Josiah Smith (1704 – October 1781) was a clergyman in colonial South Carolina who championed the causes of the evangelical style of the Great Awakening and later American independence.

Smith was born in Charleston, South Carolina into a prominent family. His grandfather, Thomas, was a landgrave and governor of the province of South Carolina. He spent most of his childhood in Bermuda with his father. Josiah graduated from Harvard in 1725. He received his ordination in 1726, returned to Charleston, and was successively pastor of Presbyterian churches in Bermuda, Cainhoy, and Charleston, South Carolina. In 1730, he became involved in a theological dispute with Rev. Hugh Fisher of Dorchester, South Carolina on the subject of subscription to the Westminster Confession of Faith as well as the right of the individual to private judgment. Both Smith and Fisher published sermons concerning the dispute. In 1740, he championed the cause of George Whitefield and invited him to preach from his pulpit after he was refused admission to the local Episcopalian church. Given that Whitefield proved to be a controversial figure among various other clergy, Smith gave a sermon, which he had published, defending Whitefield's unusual and notorious preaching methods. In 1749, Smith had a stroke which left him unable to speak well; however, he continued to write and publish sermons.
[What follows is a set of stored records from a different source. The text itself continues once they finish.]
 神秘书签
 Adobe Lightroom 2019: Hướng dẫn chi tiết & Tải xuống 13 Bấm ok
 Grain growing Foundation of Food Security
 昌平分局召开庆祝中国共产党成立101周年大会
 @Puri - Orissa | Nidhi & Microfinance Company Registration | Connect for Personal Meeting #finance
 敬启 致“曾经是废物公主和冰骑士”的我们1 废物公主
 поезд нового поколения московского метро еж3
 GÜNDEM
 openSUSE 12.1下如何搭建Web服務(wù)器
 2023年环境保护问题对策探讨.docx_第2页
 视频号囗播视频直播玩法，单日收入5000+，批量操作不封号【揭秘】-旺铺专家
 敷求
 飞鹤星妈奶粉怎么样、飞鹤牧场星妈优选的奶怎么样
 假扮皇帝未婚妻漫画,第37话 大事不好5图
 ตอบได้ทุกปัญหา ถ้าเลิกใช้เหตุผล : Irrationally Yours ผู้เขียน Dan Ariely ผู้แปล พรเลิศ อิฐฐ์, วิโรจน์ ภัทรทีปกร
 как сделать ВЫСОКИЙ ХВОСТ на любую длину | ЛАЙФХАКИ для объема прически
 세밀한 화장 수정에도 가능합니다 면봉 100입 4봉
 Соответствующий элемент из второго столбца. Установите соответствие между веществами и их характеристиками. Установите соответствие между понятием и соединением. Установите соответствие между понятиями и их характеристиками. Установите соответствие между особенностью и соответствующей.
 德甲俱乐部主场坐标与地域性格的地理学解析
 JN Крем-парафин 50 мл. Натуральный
Rev. Smith sided with the rebelling colonists in the American Revolution. During the Siege of Charleston, he was taken as a prisoner of war. He was later paroled, but ordered to Philadelphia where he died.

==Works==
- Human Impositions Proved Unscriptural Or, The Divine Right of Private Judgment (1729)
- Solomon's Caution Against the Cup (1730)
- The Divine Right of Private Judgment Vindicated (1730)
- No New Thing to Be Slandered (1730)
- The Character and Preaching of Whitefield, impartially represented and supported (1740)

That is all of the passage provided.